By William Gildea
Farrar Straus Giroux. 245 pp. $26
The boxer Joe Gans is largely forgotten today. Mild-mannered, he lacked the boisterous charisma of Jack Johnson or Muhammad Ali. But from 1902 to 1908, he was the world lightweight king, America’s first black boxing champion.
In 1906, in the 100-degree fug of the southern Nevada desert, he took on Oscar “Battling” Nelson in a legendary 42-round fight, two hours and 48 minutes, the longest bout of the 20th century. The match and Gans’s story are the subject of “The Longest Fight,” a gem of a book by former Washington Post sports columnist William Gildea.
In lean prose, Gildea gives us a blow-by-blow account of Gans’s career. He pivots from describing the fight to exploring his subject’s life to examining the racism of the age and the contradictions of “sportsmanship” that belittled blacks while making money off them.
Despite what the white sportswriters and cartoonists of the time had to say about it, Gans was one of the smartest athletes ever. “A timeline of outstanding thinkers in American sports,” Gildea writes, “could extend back from Tiger Woods . . . to, say, Muhammad Ali and Arthur Ashe and Bill Bradley and Bill Russell and Ted Williams and Jackie Robinson and Gene Tunney and, drawn far enough, to Joe Gans.”
Take an example from the 31st round of that Nevada fight: “Gans seemed on the verge of winning,” Gildea writes. “But then, inexplicably, something happened.” He stopped fighting and began hopping on one foot. “Did he have a cramp?
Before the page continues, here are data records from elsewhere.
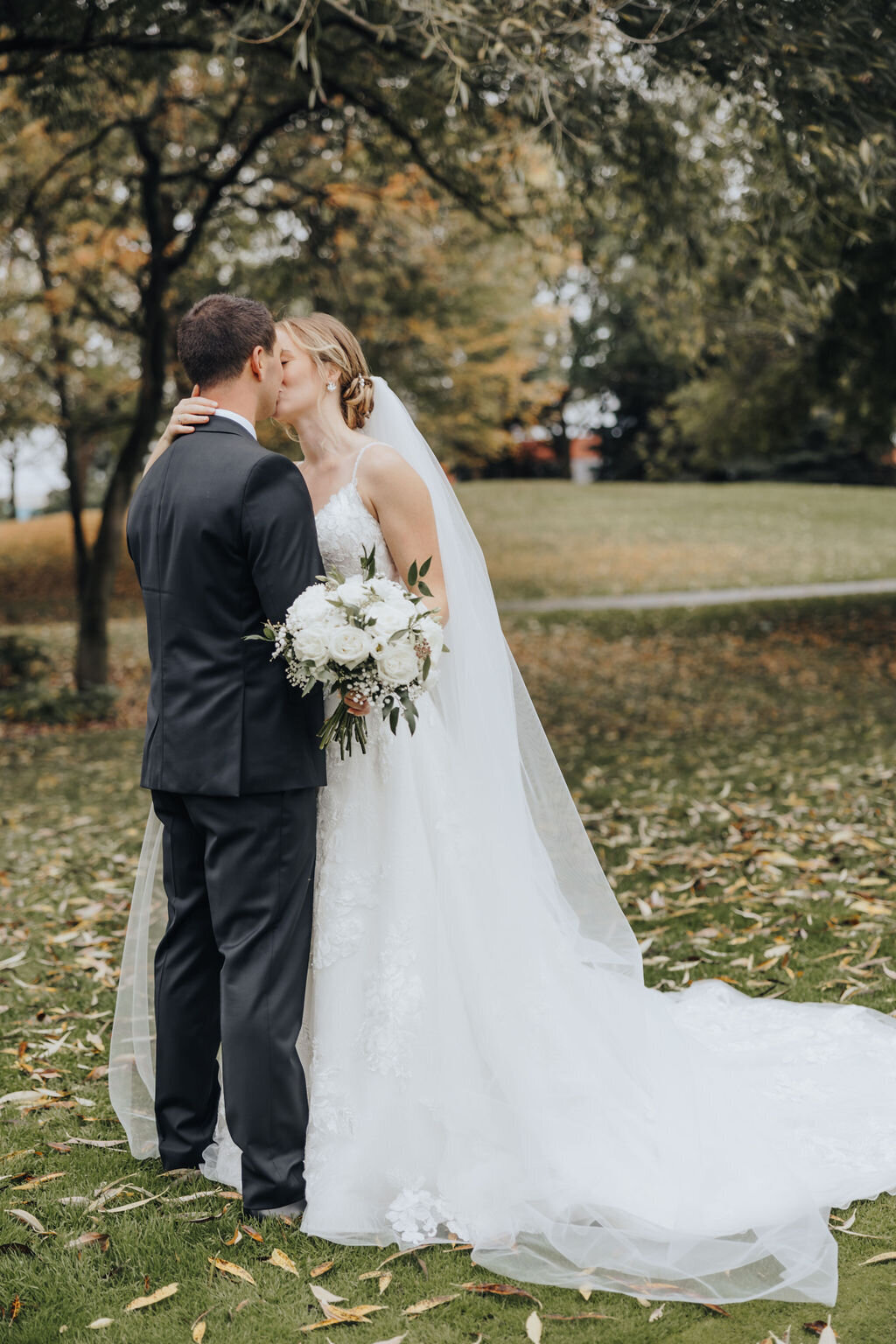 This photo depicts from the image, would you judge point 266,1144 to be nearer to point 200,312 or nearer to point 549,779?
point 549,779

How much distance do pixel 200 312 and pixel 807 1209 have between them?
10.1 ft

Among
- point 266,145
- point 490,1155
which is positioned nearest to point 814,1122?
point 490,1155

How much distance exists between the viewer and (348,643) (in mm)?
3055

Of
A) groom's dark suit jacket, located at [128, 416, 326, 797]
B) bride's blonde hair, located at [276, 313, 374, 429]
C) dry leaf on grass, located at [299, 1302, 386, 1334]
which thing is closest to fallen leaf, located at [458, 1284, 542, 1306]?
dry leaf on grass, located at [299, 1302, 386, 1334]

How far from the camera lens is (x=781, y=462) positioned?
4434 cm

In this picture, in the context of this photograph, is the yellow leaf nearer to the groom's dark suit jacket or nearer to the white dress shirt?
the groom's dark suit jacket

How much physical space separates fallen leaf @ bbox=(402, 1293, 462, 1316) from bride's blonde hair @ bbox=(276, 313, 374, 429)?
2.62m

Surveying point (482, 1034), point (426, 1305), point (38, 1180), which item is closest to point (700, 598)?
point (482, 1034)

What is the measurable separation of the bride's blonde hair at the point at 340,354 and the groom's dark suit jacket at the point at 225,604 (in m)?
0.45

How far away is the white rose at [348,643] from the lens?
3.05 metres

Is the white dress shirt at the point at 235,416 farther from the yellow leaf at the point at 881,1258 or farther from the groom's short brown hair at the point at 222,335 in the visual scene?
the yellow leaf at the point at 881,1258

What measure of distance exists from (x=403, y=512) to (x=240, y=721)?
0.86 m

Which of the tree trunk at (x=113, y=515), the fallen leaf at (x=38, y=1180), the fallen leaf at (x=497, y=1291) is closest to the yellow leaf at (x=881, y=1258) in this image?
the fallen leaf at (x=497, y=1291)

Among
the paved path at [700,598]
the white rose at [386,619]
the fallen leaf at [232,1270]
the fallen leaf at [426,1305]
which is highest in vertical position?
the white rose at [386,619] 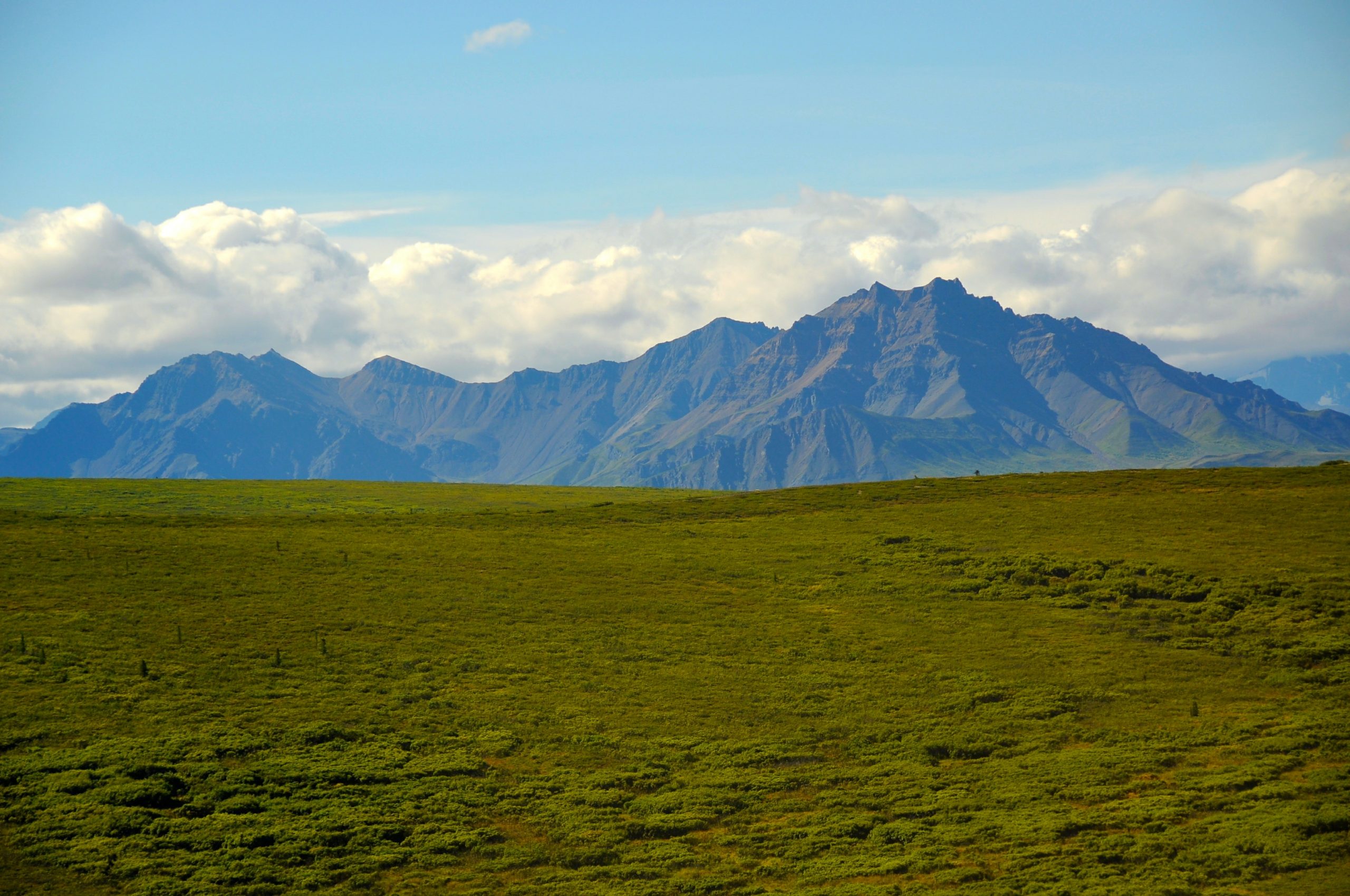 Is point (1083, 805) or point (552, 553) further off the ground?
point (552, 553)

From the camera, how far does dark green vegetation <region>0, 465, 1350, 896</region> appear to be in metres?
35.2

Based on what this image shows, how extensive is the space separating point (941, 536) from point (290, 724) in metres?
56.4

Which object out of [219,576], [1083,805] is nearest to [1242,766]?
[1083,805]

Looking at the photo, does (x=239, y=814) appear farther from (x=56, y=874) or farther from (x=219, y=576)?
(x=219, y=576)

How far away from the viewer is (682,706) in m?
50.6

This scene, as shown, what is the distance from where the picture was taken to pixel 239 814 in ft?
124

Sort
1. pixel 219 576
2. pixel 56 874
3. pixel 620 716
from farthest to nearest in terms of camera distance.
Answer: pixel 219 576 < pixel 620 716 < pixel 56 874

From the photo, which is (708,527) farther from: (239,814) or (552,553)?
(239,814)

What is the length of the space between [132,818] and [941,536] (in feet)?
212

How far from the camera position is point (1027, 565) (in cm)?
7350

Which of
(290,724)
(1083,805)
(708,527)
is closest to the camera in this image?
(1083,805)

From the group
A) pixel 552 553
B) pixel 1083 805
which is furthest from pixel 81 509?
pixel 1083 805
Did he pull a muscle?” No, he was camouflaging an injury. He had broken a bone in his right hand while pummeling Nelson’s face into rare sausage. But he couldn’t let Nelson know that. “It was one of the craftiest things I ever saw a man do in the heat of the battling, a thing which thoroughly attested to Joe’s great ring generalship,” the fight’s promoter, Tex Rickard, said.
To think that Gans fought 11 more rounds with that broken hand. Too bad he was competing against one of the toughest athletes around. Nelson, a Danish street tough, was a fierce derecho of a fighter. “The longer a fight, the better Nelson liked it,” Gildea writes. “He had the slow heartbeat of a distance runner. His jaw had the resilience of concrete, and he was always willing to take a punch to give one. Early in his career, one Joe Hedmark floored him seventeen times, but failed to stop him.
“ ‘I ain’t human,’ Nelson delighted in saying.” But in the end, Nelson’s frustration led him to deliver an all-too-human illegal punch that gave the victory to Gans.